WHAT YOU SHOULD DO -
Go to the line with "奶萌魔力小公主 第92话 爸爸生气了 第37页" in the entries below and write out every line from there through the line with "WCg wUVELED WCg6x GWFCh", exactly and without pictures.

EXCERPTED RECORDS -
^^^^^^^^^^^^^^^^

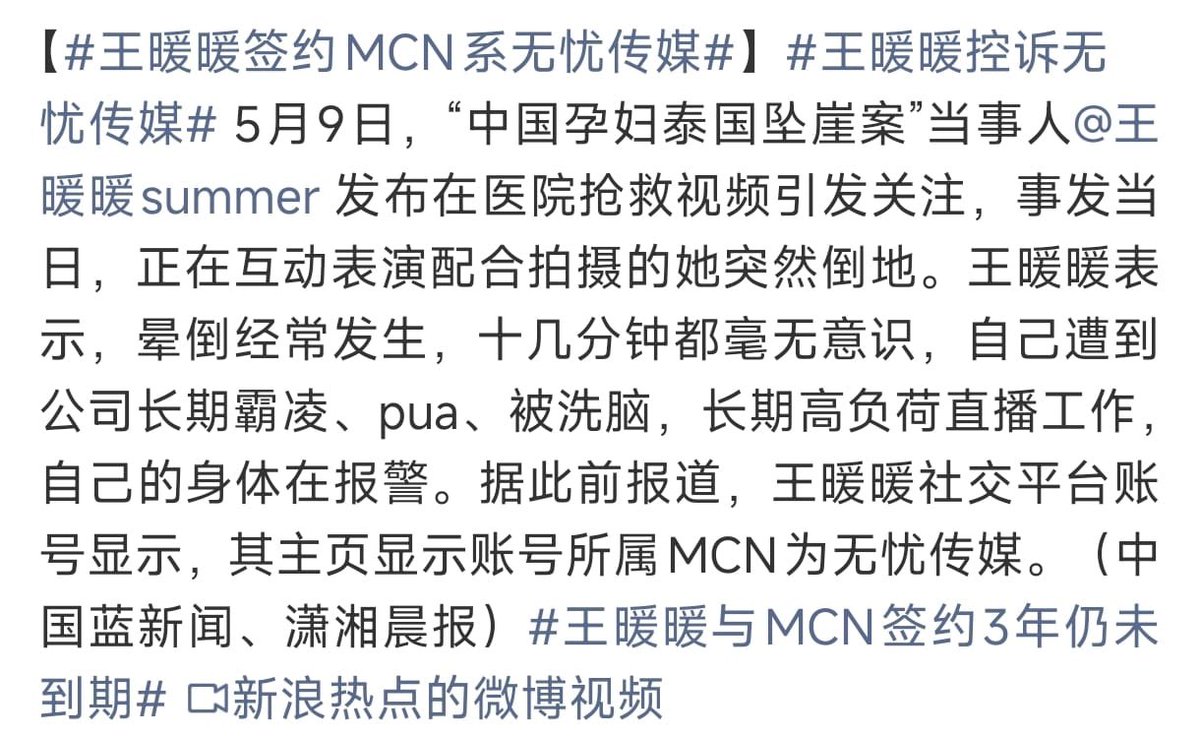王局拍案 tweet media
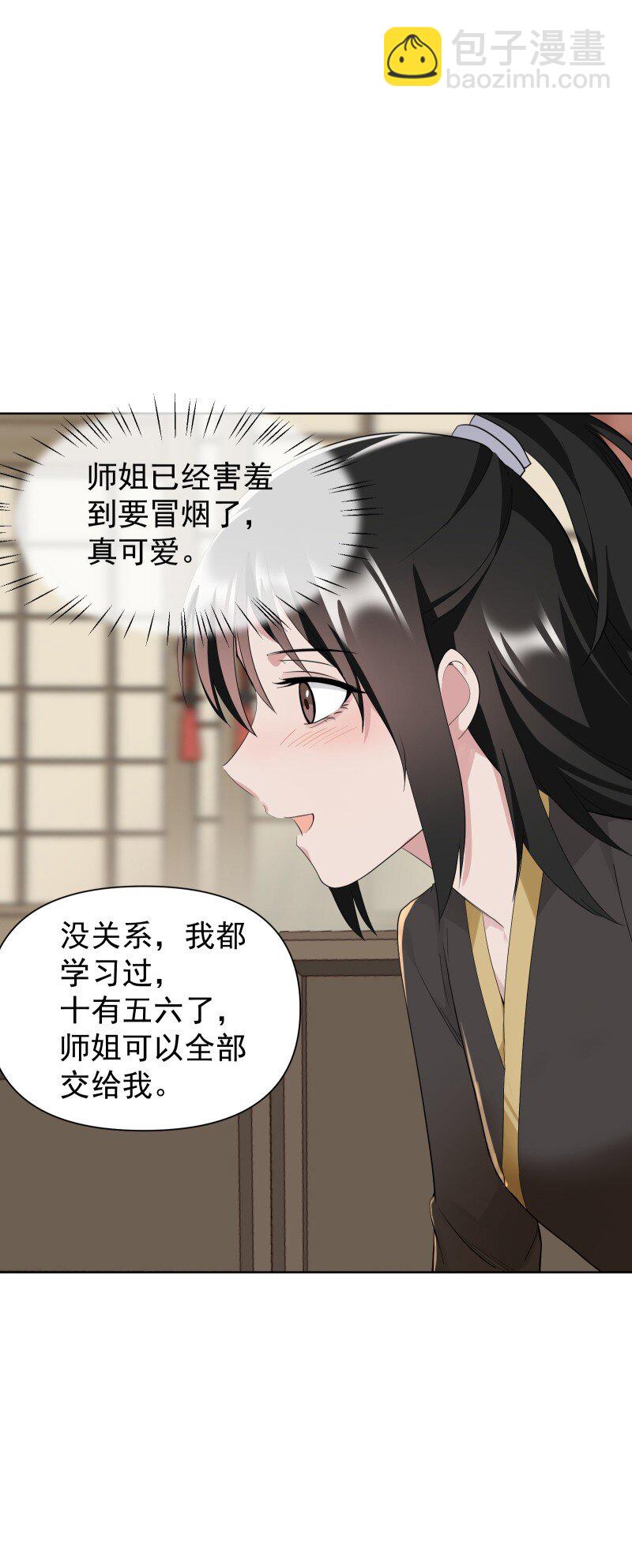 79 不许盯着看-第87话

^^^^^^^^^^^^^^^^

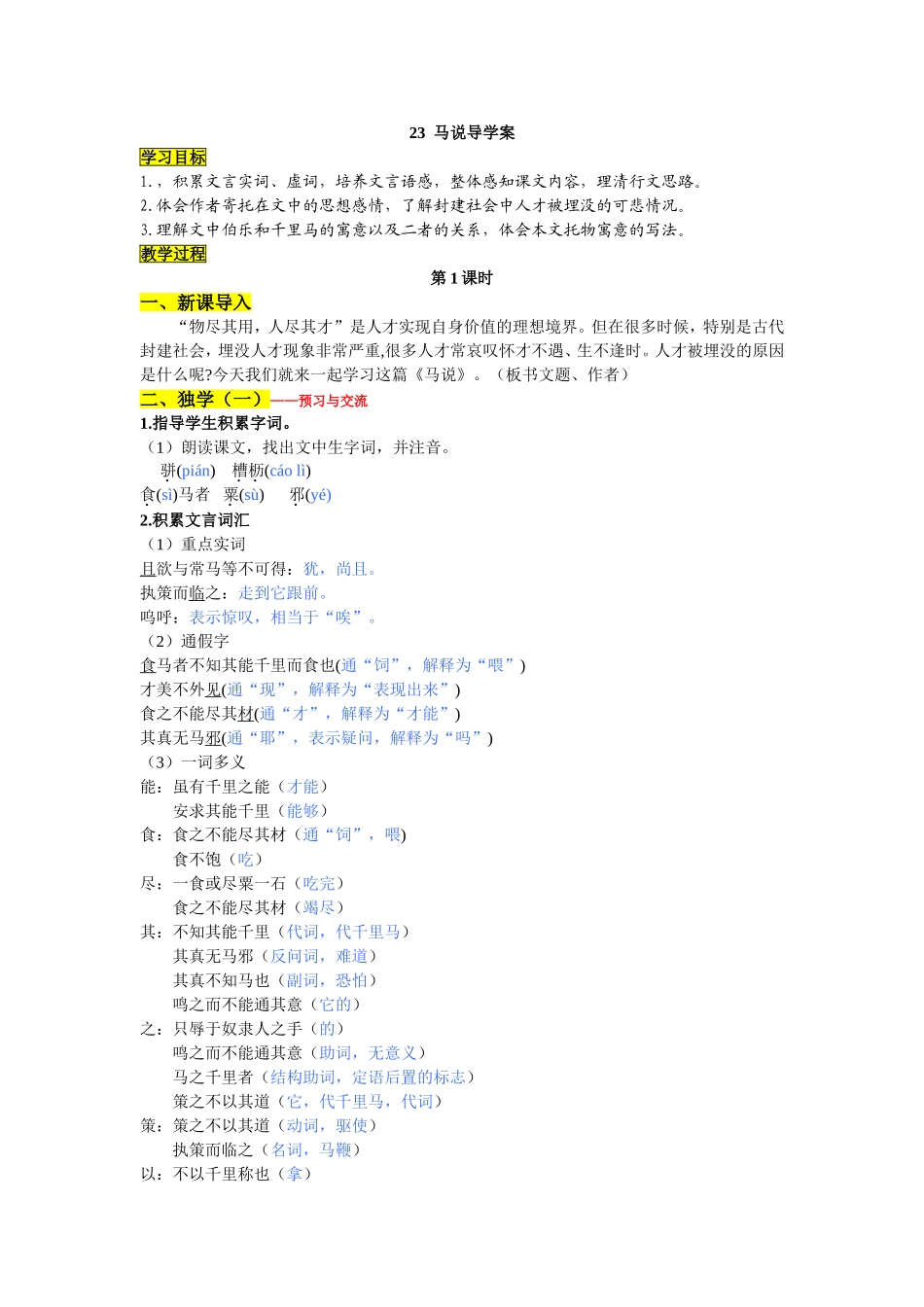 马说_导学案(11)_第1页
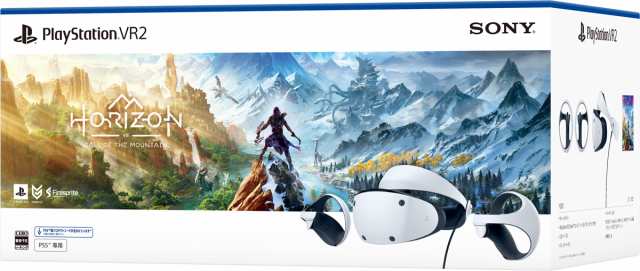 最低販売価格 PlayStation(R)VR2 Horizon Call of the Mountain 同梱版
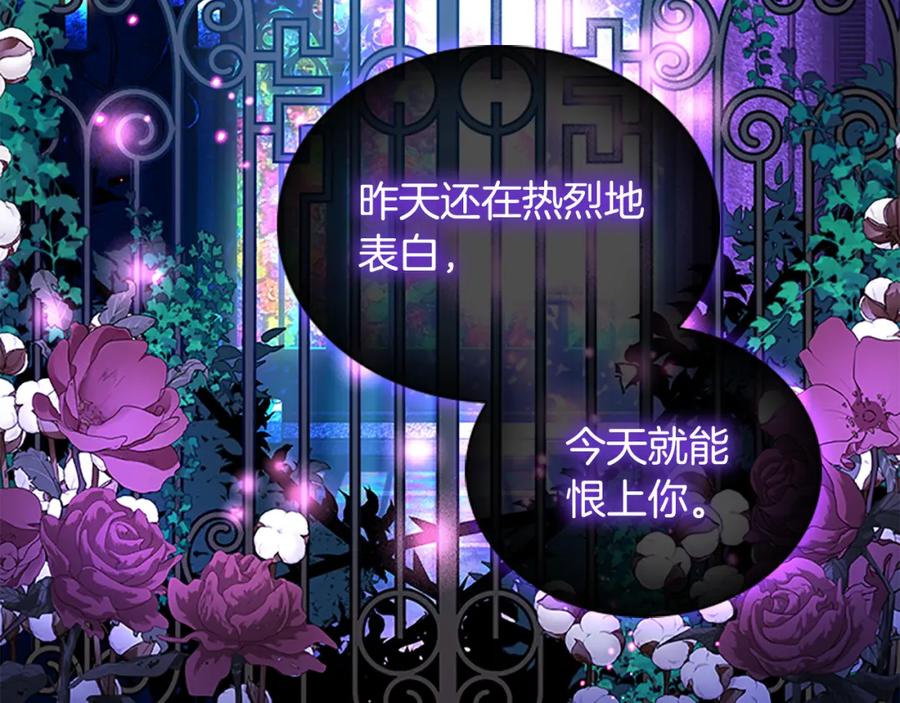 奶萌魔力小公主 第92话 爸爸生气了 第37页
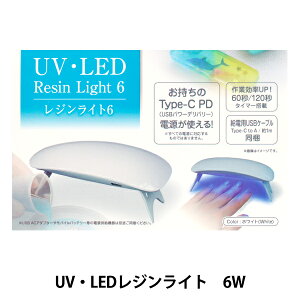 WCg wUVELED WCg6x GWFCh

^^^^^^^^^^^^^^^^

RESPONSE TO THIS TASK -
 奶萌魔力小公主 第92话 爸爸生气了 第37页
 WCg wUVELED WCg6x GWFCh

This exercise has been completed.